The talks come as differences between the neighbours were thrown into stark relief in recent days, when Berlin — but not Paris — chose to sit out the biggest Western intervention yet in the Syrian war.
And while Macron laid out his lofty reform goals in a passionate speech to the European Parliament, Merkel’s own party publicly pushed back against his proposals for a eurozone budget and an expansion of the EU’s bailout fund.
Merkel nevertheless said she remained convinced both sides would find “common solutions” before an EU summit in June.
“Things are moving at a snail’s pace, if at all,” said Stefani Weiss, an analyst at the Bertelsmann Foundation think tank.
– Bolstering European defence cooperation –
“I think we’ll end up with only very modest reforms.”
Topping the agenda on Thursday will be talks on bolstering European defence cooperation, with Macron calling for a joint intervention force and joint military doctrine.
Berlin and Paris agree that Europe must be able to stand alone on defence in the face of US President Donald Trump’s isolationist tendencies — but it remains to be seen how far Germany is willing to go.
The air strikes against the Syrian regime last weekend by the US, France and Britain, in response to a suspected chemical attack, were carried out without the EU’s biggest and most powerful nation.
Although Merkel supported the intervention, she ruled out any German participation, sparking debate about Berlin’s leadership role.
“When people are being slaughtered, the time comes to take action,” former German defence minister Karl-Theodor zu Guttenberg told Bild newspaper, accusing Merkel of “letting others do the dirty work”.
“Macron turns to Trump, not Merkel,” the daily Die Welt wrote.
But observers say the veteran chancellor, who has just begun her fourth term with a much-reduced parliamentary majority, was playing to the domestic gallery.
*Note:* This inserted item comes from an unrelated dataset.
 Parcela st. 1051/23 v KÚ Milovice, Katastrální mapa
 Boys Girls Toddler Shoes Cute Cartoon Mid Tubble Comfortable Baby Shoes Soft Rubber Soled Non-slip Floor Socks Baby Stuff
As the instigator of two world wars, Germany abhors the idea of getting involved in armed conflicts and Merkel anyway needs parliamentary approval before she can agree to any deployments.
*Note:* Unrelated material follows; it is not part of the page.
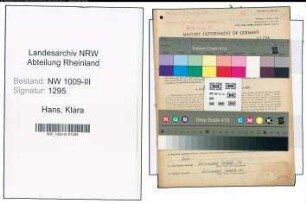 Entnazifizierung Klara Hans , geb. 22.11.1919 (Verw.Angestellte)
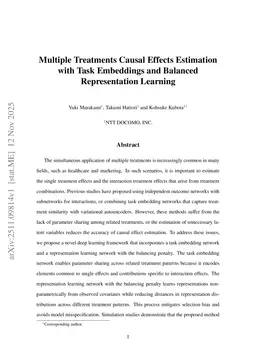 Multiple Treatments Causal Effects Estimation with Task Embeddings and Balanced Representation Learning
Although the country has in recent years cautiously stepped up its role in multinational missions abroad, including alongside French troops in Mali, Germany remains reluctant to resort to military force.
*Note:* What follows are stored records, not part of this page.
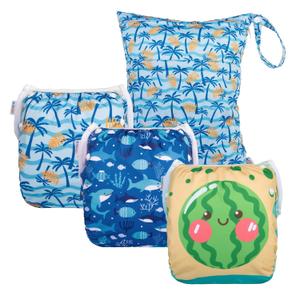 ALVABABY 3pcs Baby Swim Diapers with 1pcs Wet Bag Reuseable Washable & Adjustable for Swimming Lesson & Baby Boy and Girl 3YKL10 (Small (Pack of 3), Watermelon Shark Coconut)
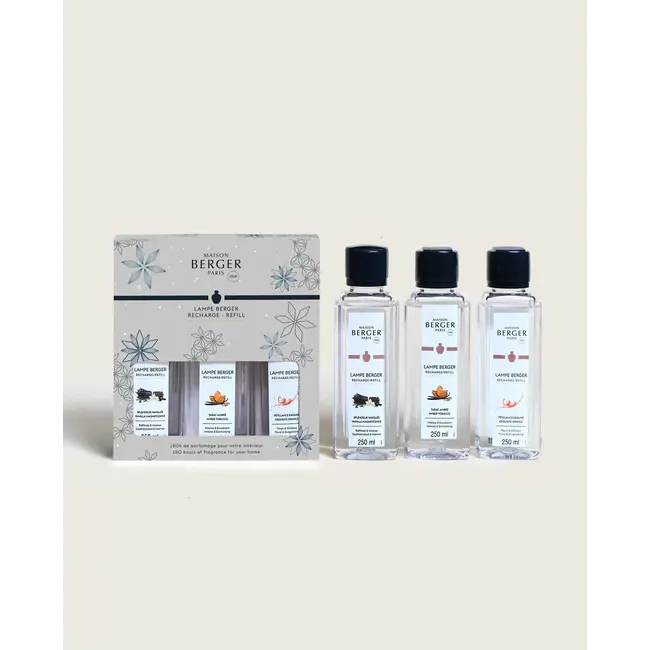 Lampe Berger Triopack Rosalie Noel 2025 - 1x 250 ml Vanilla Magnificence - 1x 250ml Amber Tobacco - 1x 250ml Exquisite Sparkle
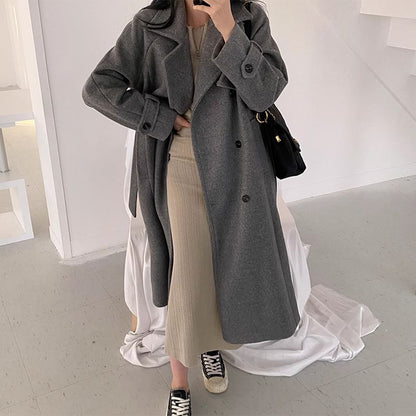 Plain Midi Double-Breasted Coat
– Thwarting eurozone reforms –
Years of underfunding have also left Germany’s military equipment in a woeful state, leaving allies to privately grumble over the nation’s lack of combat-readiness.
Another great stumbling block to Macron’s European dream is growing scepticism in Berlin about some of his flagship plans for overhauling the eurozone.
Most of the opposition has come from within Merkel’s own conservative camp, deeply wary of any possibility that debt might be pooled or German taxpayer money handed over to spendthrift neighbours.
Merkel’s centre-left coalition partners, the pro-EU Social Democrats, meanwhile have been more openly supportive of Macron’s reform drive.
Lawmakers from Merkel’s CDU/CSU bloc this week released a joint paper laying down strict conditions for the proposed transformation of the bloc’s bailout fund into a European Monetary Fund that can act as a “lender of last resort”.
The document includes a potentially deal-breaking insistence on getting each member state’s parliament to sign off on the fund’s creation, a lengthy process with a high potential for failure.
Merkel’s party also dismissed Macron’s plan for a separate investment budget for the 19-member single currency area, saying it was not “a top priority” when the bloc is still grappling with how to plug the hole that Britain’s departure will leave in the wider EU budget.
“I don’t see why I should place Macron’s happiness at the heart of my policies,” said top CSU lawmaker Alexander Dobrindt.
But a senior French official, speaking on condition of anonymity, said he believed the German position would soften.
“Are they jumping for joy in Berlin at the thought of a eurozone budget? Probably not,” he told AFP.
“But we need it, and everyone agrees there’s been insufficient investment in the eurozone, including Germany.”